## What you need to do
Copy exactly the lines of the material below that fall between the line with "CustomyLife 80pcs Self" and the line with "Sağı gösteren koyu", both of those lines included; pictures stay out.

## Data
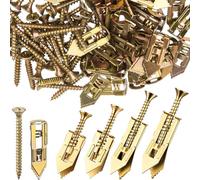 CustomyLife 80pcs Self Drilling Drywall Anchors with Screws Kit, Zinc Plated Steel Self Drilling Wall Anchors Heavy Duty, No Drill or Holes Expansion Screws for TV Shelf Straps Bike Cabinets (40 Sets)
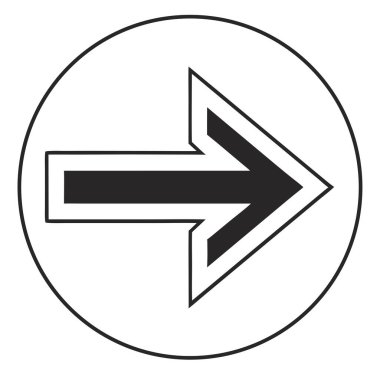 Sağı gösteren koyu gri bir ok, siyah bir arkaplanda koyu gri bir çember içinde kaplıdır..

==

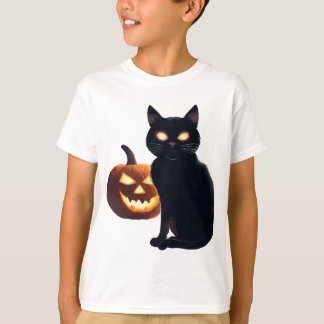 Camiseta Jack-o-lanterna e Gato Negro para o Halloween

## Expected answer
 CustomyLife 80pcs Self Drilling Drywall Anchors with Screws Kit, Zinc Plated Steel Self Drilling Wall Anchors Heavy Duty, No Drill or Holes Expansion Screws for TV Shelf Straps Bike Cabinets (40 Sets)
 Sağı gösteren koyu gri bir ok, siyah bir arkaplanda koyu gri bir çember içinde kaplıdır..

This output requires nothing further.